__What you are asked to do__: Your reply should consist of the listing, copied exactly.

__Provided data__:
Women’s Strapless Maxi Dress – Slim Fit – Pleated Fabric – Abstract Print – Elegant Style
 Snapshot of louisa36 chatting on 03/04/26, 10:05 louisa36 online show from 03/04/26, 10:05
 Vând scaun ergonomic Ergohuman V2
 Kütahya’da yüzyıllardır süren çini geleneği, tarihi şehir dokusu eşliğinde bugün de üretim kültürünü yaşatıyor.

__Response for this exercise__:
Women’s Strapless Maxi Dress – Slim Fit – Pleated Fabric – Abstract Print – Elegant Style
 Snapshot of louisa36 chatting on 03/04/26, 10:05 louisa36 online show from 03/04/26, 10:05
 Vând scaun ergonomic Ergohuman V2
 Kütahya’da yüzyıllardır süren çini geleneği, tarihi şehir dokusu eşliğinde bugün de üretim kültürünü yaşatıyor.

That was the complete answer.